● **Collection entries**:
= Beginning of Section =
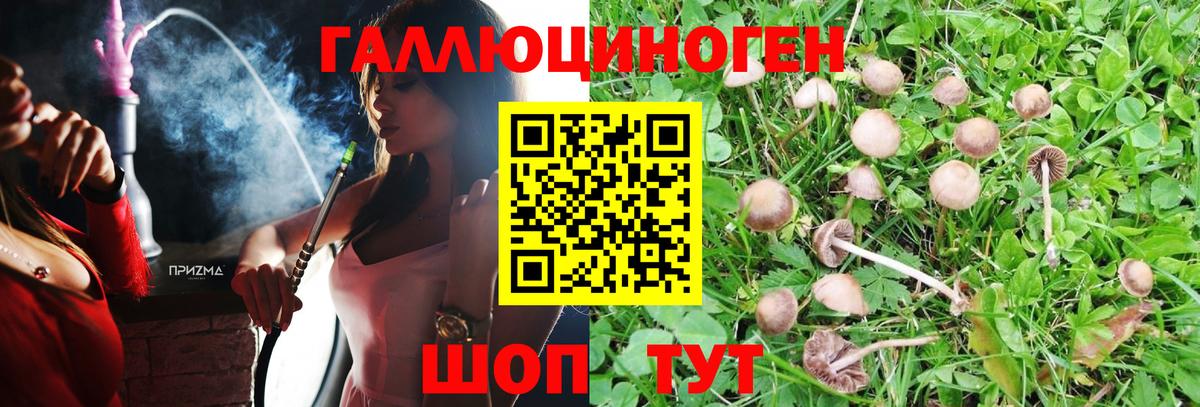 Псилоцибиновые грибы MAGIC MUSHROOMS Вышний Волочёк
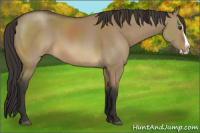 Horse Color:Buckskin Dun Splash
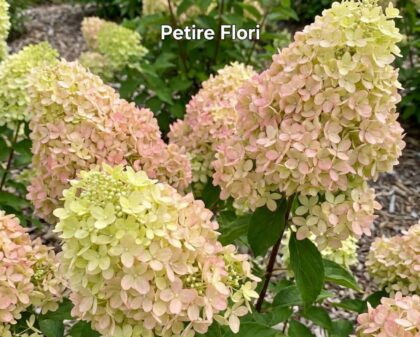 Bugás hortenzia-Hydrangea paniculata 'Petite Flori'
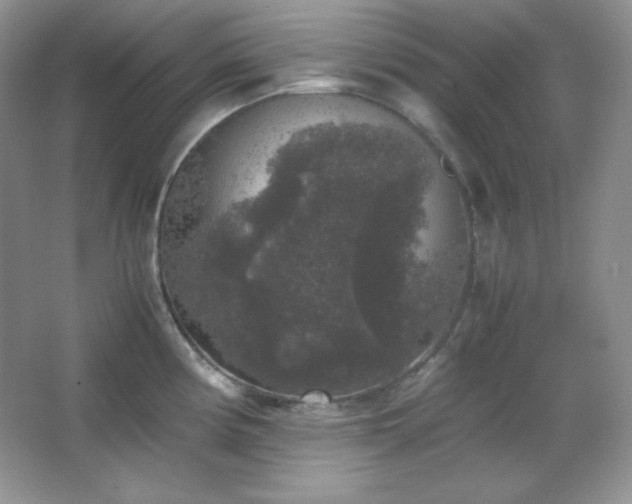 X0000067501194200604071218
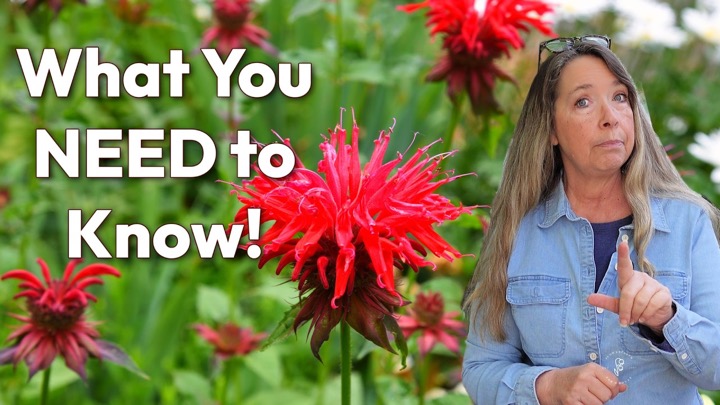 12 Things Every Gardener Should Know About Bee Balm (Monarda)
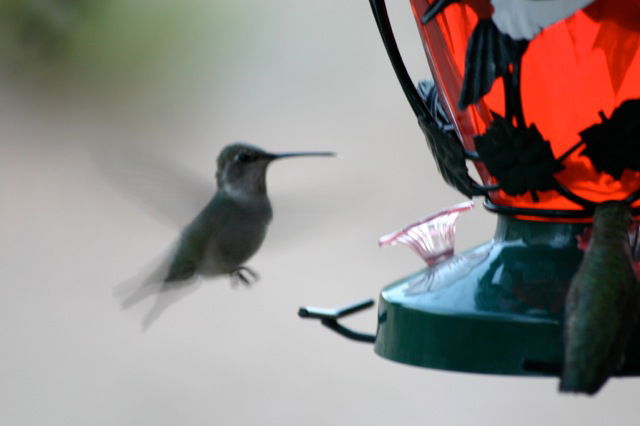 hummingbirds-3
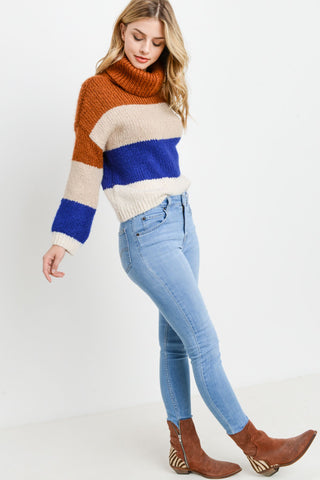Turtleneck Colorblock Long Sleeves Sweater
= End of Section =
● **Requirement**:
The copy should start at the line that contains "Horse Color:Buckskin Dun Splash", end at the last line of the entries above, and match each line exactly, with pictures dropped.

● **Answer to this exercise**:
 Horse Color:Buckskin Dun Splash
 Bugás hortenzia-Hydrangea paniculata 'Petite Flori'
 X0000067501194200604071218
 12 Things Every Gardener Should Know About Bee Balm (Monarda)
 hummingbirds-3
Turtleneck Colorblock Long Sleeves Sweater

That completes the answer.